Some cultures, fearing dissension, will try to suppress individuals, but when it comes to the artists, authorities can only compress and politicize the objects of their fears.  Persecution teaches them to cooperate, to care for each other, and to keep on going through the dark in the belief that if dawn doesn’t come for them, it will for someone else.

Because this is World AIDS Day, there will be tweets and posts and formal essays.  The group of young men that I’ve been following for the last decade have posted the public service videos they’ve made by matching their stories with images.  Real Stories Gallery.  Don’t look for them if you’re prissy or scared or coping with the world by denying everything outside your local horizon.

Gay people are like indigenous people in that their identifying traits are so stigmatized and stereotyped that those who haven’t been clued in cannot recognize them.  Indians and gays are scattered among us, unrecognized.  The first Indians I knew, Miss Colbert (Chinook) and Mrs. Eagle (Sioux) were elementary school teachers in Portland, OR.  No one thought about it.  Mrs. Eagle was quiet but taught my brother to read at last.  Miss Colbert was a respected tribal elder who wrote books.

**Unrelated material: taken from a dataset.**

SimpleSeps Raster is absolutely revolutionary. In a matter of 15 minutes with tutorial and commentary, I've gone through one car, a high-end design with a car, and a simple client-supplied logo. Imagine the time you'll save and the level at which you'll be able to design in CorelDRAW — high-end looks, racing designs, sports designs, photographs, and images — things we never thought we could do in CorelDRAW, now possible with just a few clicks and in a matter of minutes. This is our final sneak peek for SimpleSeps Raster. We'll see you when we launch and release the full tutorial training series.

Red-heads.  Oh, you know about “Anne of Green Gables,” esp if you’re a liberal who watches PBS.  Although the real story, which was Lucy Maude Montgomery’s story, ended in her suicide.  Her life was one of struggle.  My mother used to ask me why I couldn’t marry a nice Presbyterian minister.  Lucy Maude did that.  He was bipolar and she spent her life trying to feed their family (2 sons) and fend off curious people so he could keep his congregation.  She even preached in his stead if his emotional paralysis were active.  She wasn’t an orphan.  Her father abandoned the family.  She lived with him and his young wife for a little while as a near-adult.  It was loveless.

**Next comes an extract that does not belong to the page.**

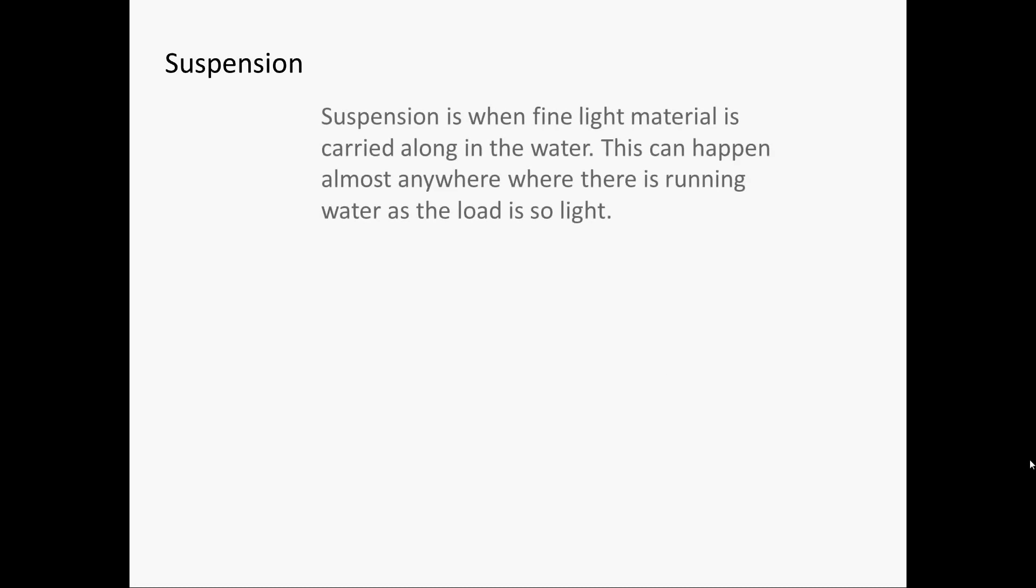Suspension is the next step up from solution. It's when fine light material is carried along in the water. This can also happen anywhere along the river as the load is so light.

Back to boys who come to puberty with the realization that their body is not responding to girls but to other boys.  This difference can make them pull off to the side, marking them as vulnerable because exceptional, and attracting those who will exploit that.  How they respond will be unique to the other factors in their lives and might turn out happily.  But in times as chaotic and treacherous as ours, with as many drug-gripped families as ours, with as much floating violence as our culture supports, a boy needs both luck and help.  

A pretty and bold boy can do well for himself, seemingly, if he engages in sexwork.  Until he gets beat up.  Or worse: the usual STD’s and then HIV.  Often contracted in prison while serving a sentence for drug use, used for numbing to do sexwork.

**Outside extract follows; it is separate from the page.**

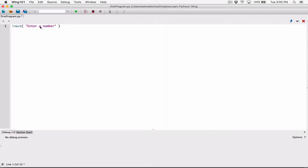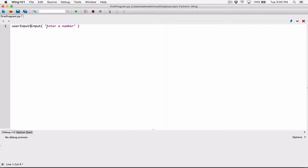Even if the user types in a real number, you may think you have the number 5, but 5 is stored as a string — it's a string 5, not a number 5, not an int 5. The input function always returns whatever the user has typed back to us as a string. So I'm going to store it in a variable called userInputString, because I know the input function will always return a string.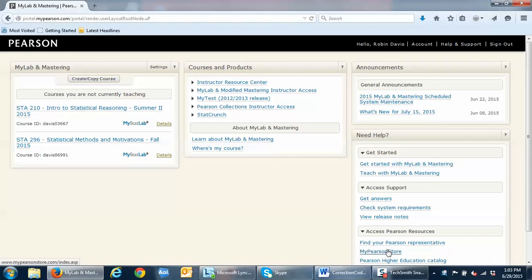Good morning everyone and welcome to your online statistics course. My name is Robin Davis and I am your statistics professor this semester. I wanted to give you a quick video tutorial on the navigation for your MyStatLab course.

Why should an old woman care?  I’m in a place, a small town next to a rez on the high prairie, where HIV is rare and yet it’s here.  It hits all levels: the low because they’re dumb and the high because they’re gifted enough to be traveling participants in conferences and panels where they are exposed to temptation among the elite.  Once HIV affects people one cares about, how can you turn away?

Some people will say the very fact that I live here and am not an activist except by writing amounts to “turning away.”  But activists don’t have the time to read and ponder that is my antidote for Aging Syndrome.  I’m leaving a snail trail that is probably already fading, but it’s not nothing.  Most of the time I’m not alone — there is a diaspora of people who care.